● **THE PROBLEM**:
Apart from the images, the entire listing below must be restated word for word.

● **DATA SUPPLIED**:
■ ■ ■ ■ ■

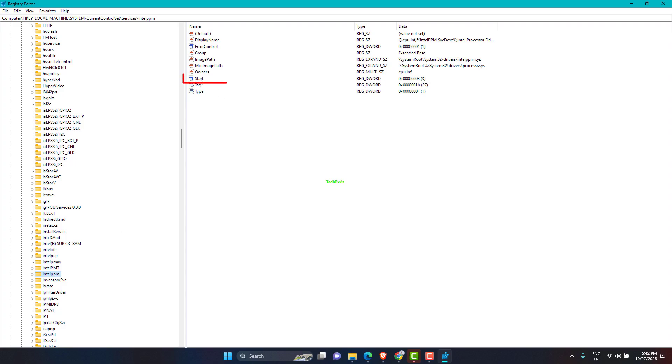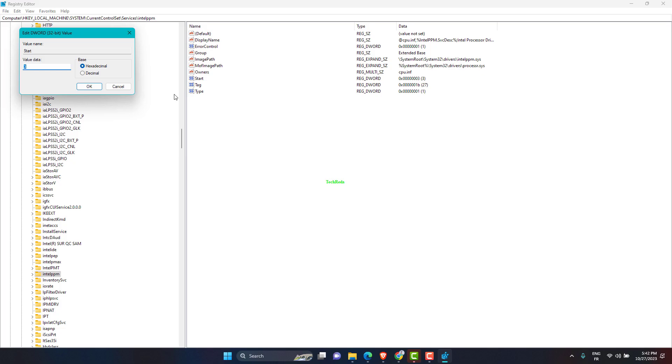At the right, open the start value. Change the value data from 3 to 1 and click OK.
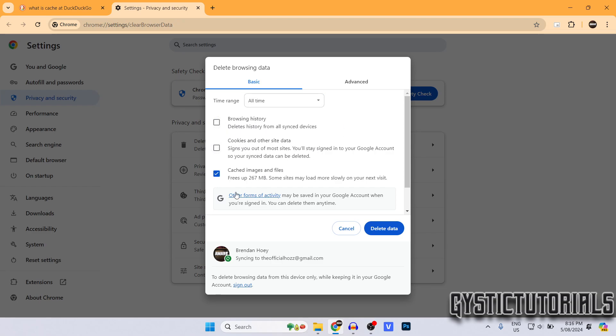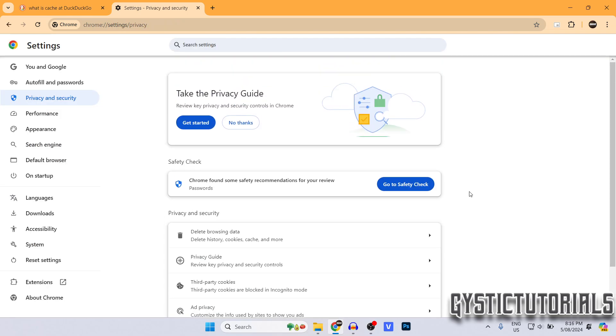But for this tutorial, I'm just showing you how to clear the cache, which is the third check mark. Make sure that's selected and then click delete data.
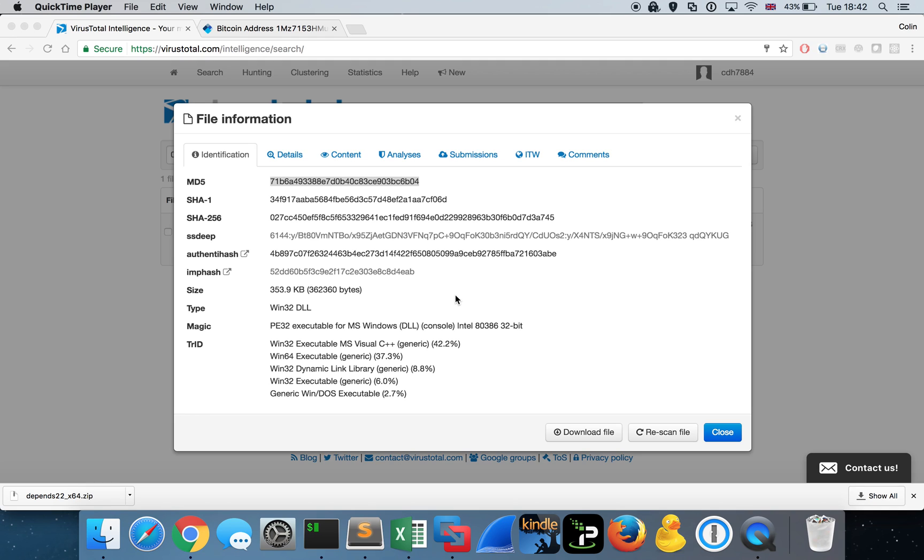Hey guys, Colin here, hope you're well. Today we're going to take a look at the Petya ransomware sample, which is being widely discussed on the internet right now because of the global impact from this particular strain of ransomware. It's being distributed and propagated in a very similar fashion to how the WannaCry ransomware was being distributed not too long ago.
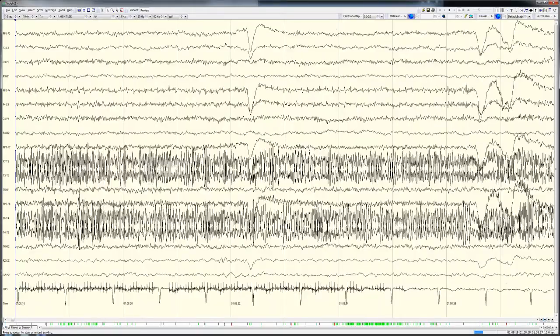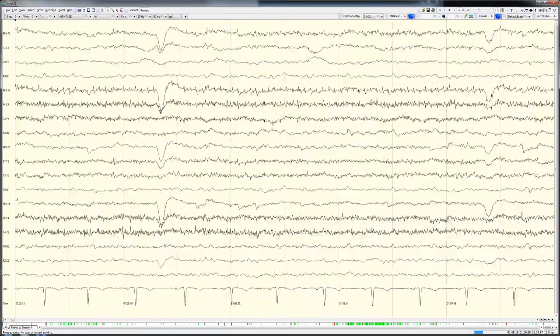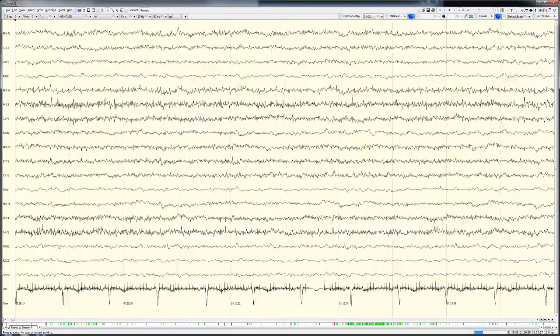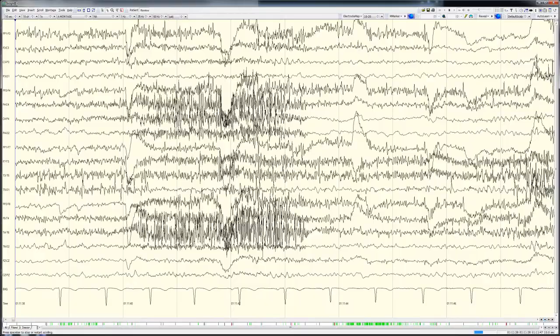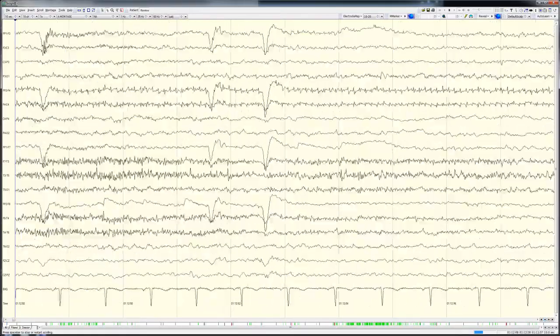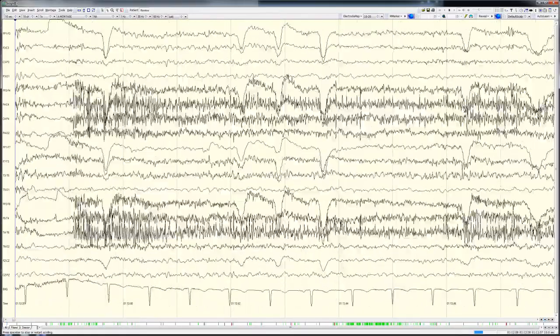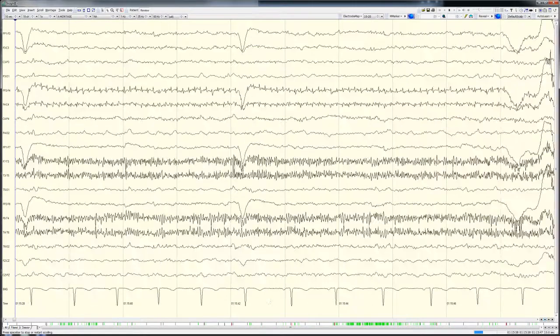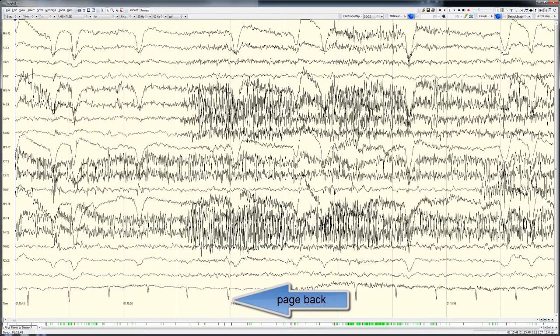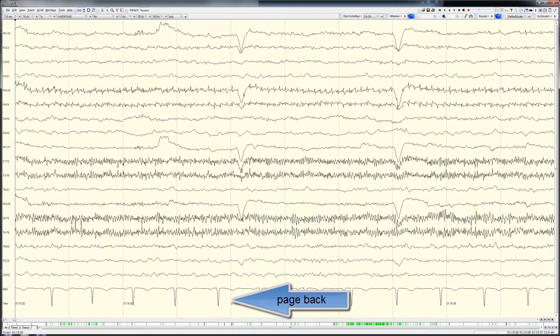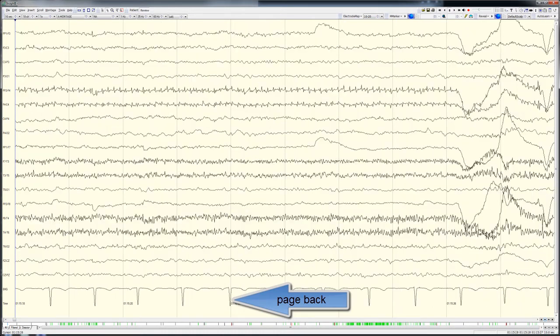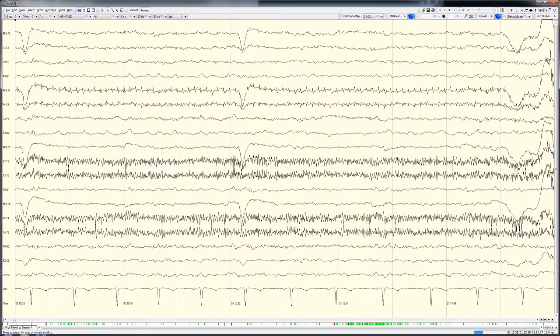Because such a review requires the reader's full concentration for an extended period of time, and because of the rapid paging involved in this process, monitoring teams recognize that some events will inevitably be missed. When a potential event of interest is seen during rapid EEG review, the reader pauses the recording, pages back, and reviews that segment of EEG more carefully.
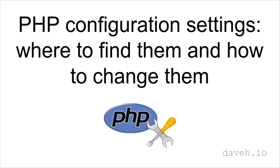PHP configuration settings, where to find them and how to change them.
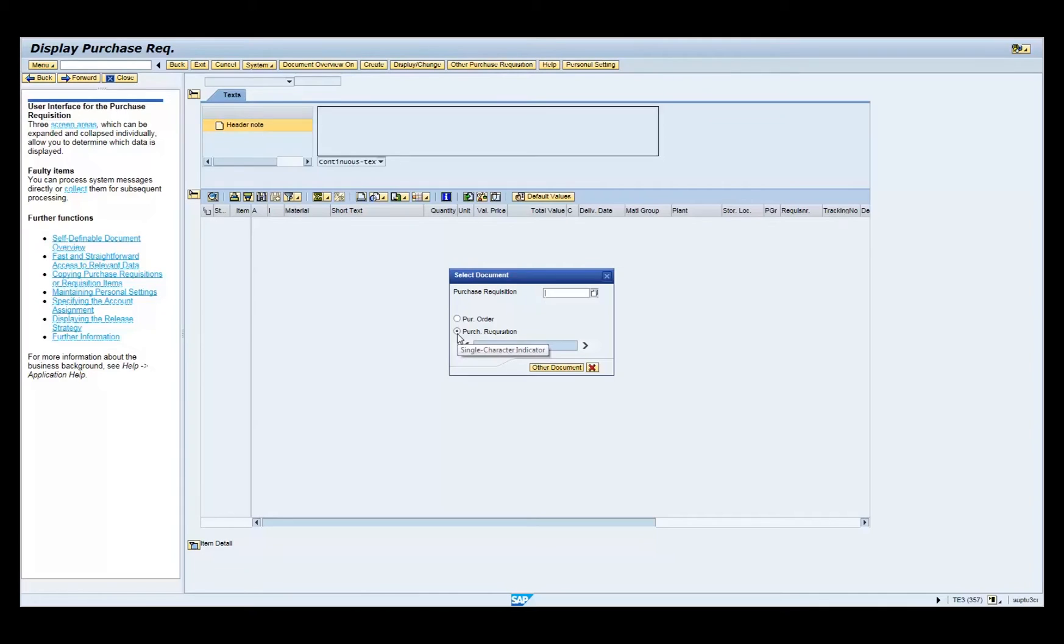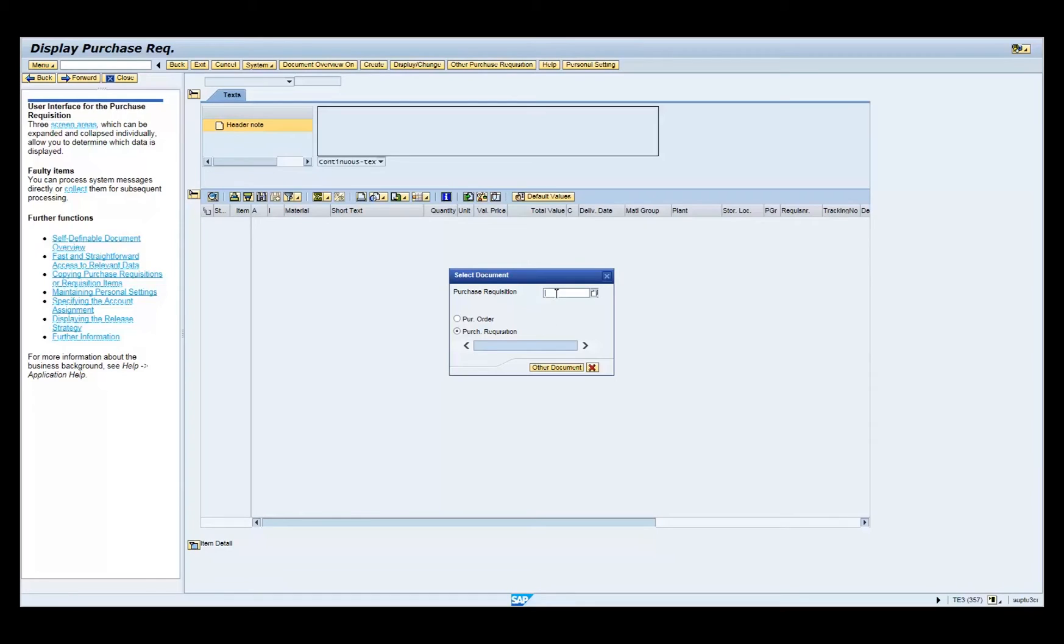In the selection document pop-up box, enter the document number from the previous ME51N transaction in the purchase requisition text field. Click on the other document button.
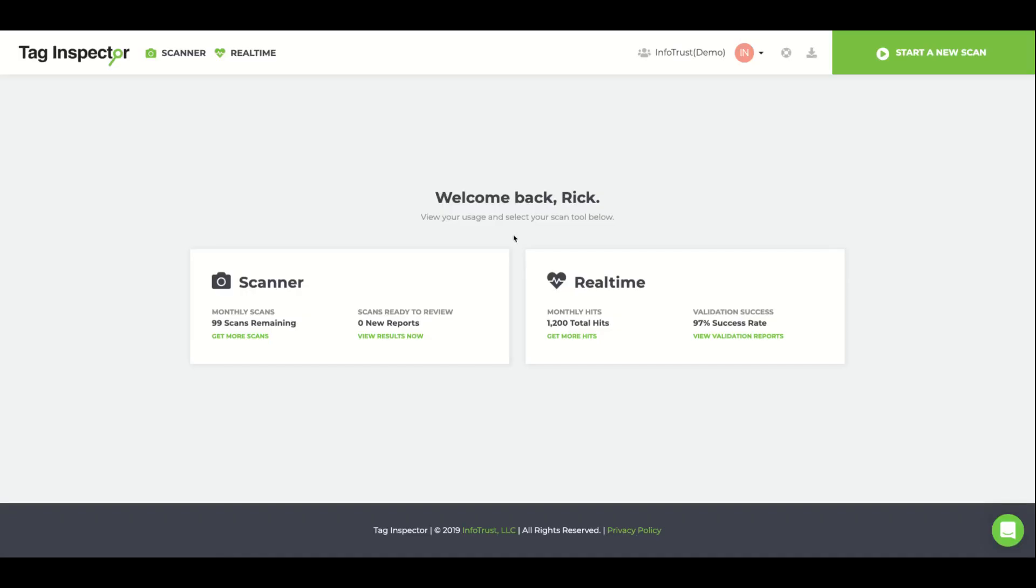Hello, this is Rick Bell with Tag Inspector Technical Support. In this instructional video, I'm going to cover the scan report and all the detailed data that Scanner collects about the tags in your URL.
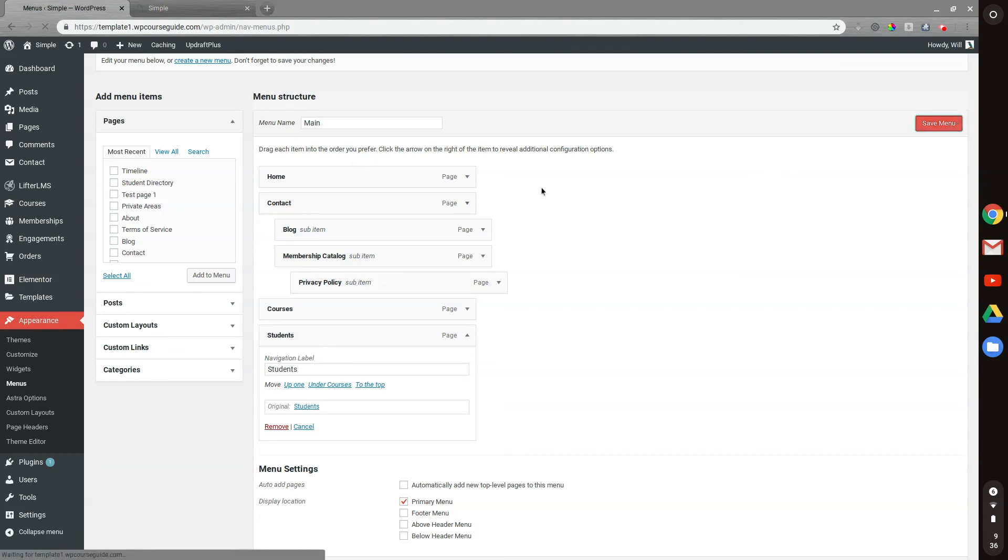And that's the basics of adding items to your menu in your WordPress website. Thanks for joining me in this video and I'll see you in the next one.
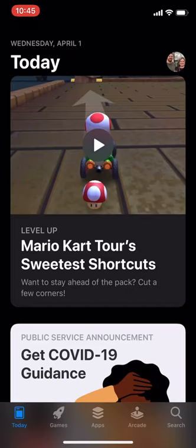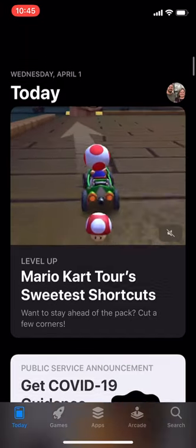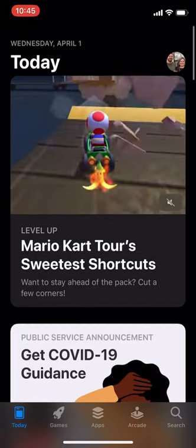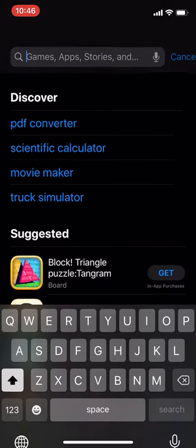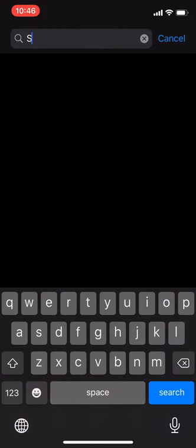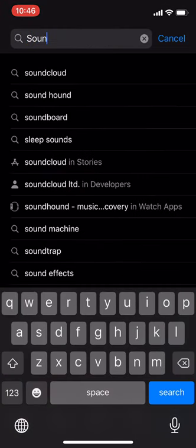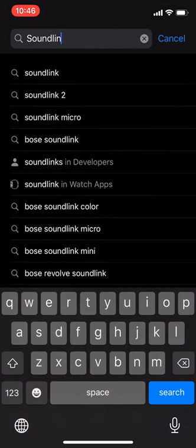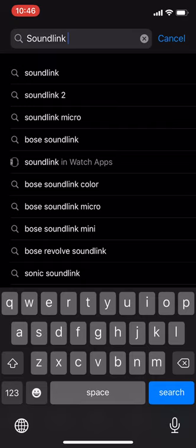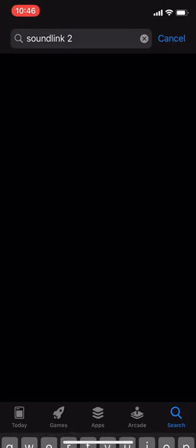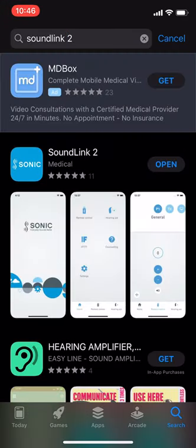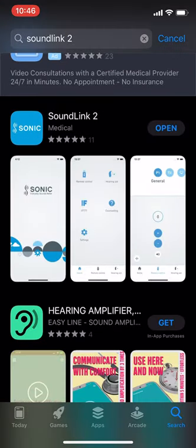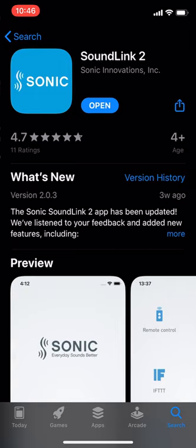Tap that and you're going to go to search, and you're going to type in SoundLink 2. So I already have it downloaded on my phone, but this is what it looks like right here. So you're going to download that app.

■ ■ ■ ■ ■

● **EXERCISE RESPONSE**:
At the right, open the start value. Change the value data from 3 to 1 and click OK.
But for this tutorial, I'm just showing you how to clear the cache, which is the third check mark. Make sure that's selected and then click delete data.
Hey guys, Colin here, hope you're well. Today we're going to take a look at the Petya ransomware sample, which is being widely discussed on the internet right now because of the global impact from this particular strain of ransomware. It's being distributed and propagated in a very similar fashion to how the WannaCry ransomware was being distributed not too long ago.
Because such a review requires the reader's full concentration for an extended period of time, and because of the rapid paging involved in this process, monitoring teams recognize that some events will inevitably be missed. When a potential event of interest is seen during rapid EEG review, the reader pauses the recording, pages back, and reviews that segment of EEG more carefully.
PHP configuration settings, where to find them and how to change them.
In the selection document pop-up box, enter the document number from the previous ME51N transaction in the purchase requisition text field. Click on the other document button.
Hello, this is Rick Bell with Tag Inspector Technical Support. In this instructional video, I'm going to cover the scan report and all the detailed data that Scanner collects about the tags in your URL.
And that's the basics of adding items to your menu in your WordPress website. Thanks for joining me in this video and I'll see you in the next one.
Tap that and you're going to go to search, and you're going to type in SoundLink 2. So I already have it downloaded on my phone, but this is what it looks like right here. So you're going to download that app.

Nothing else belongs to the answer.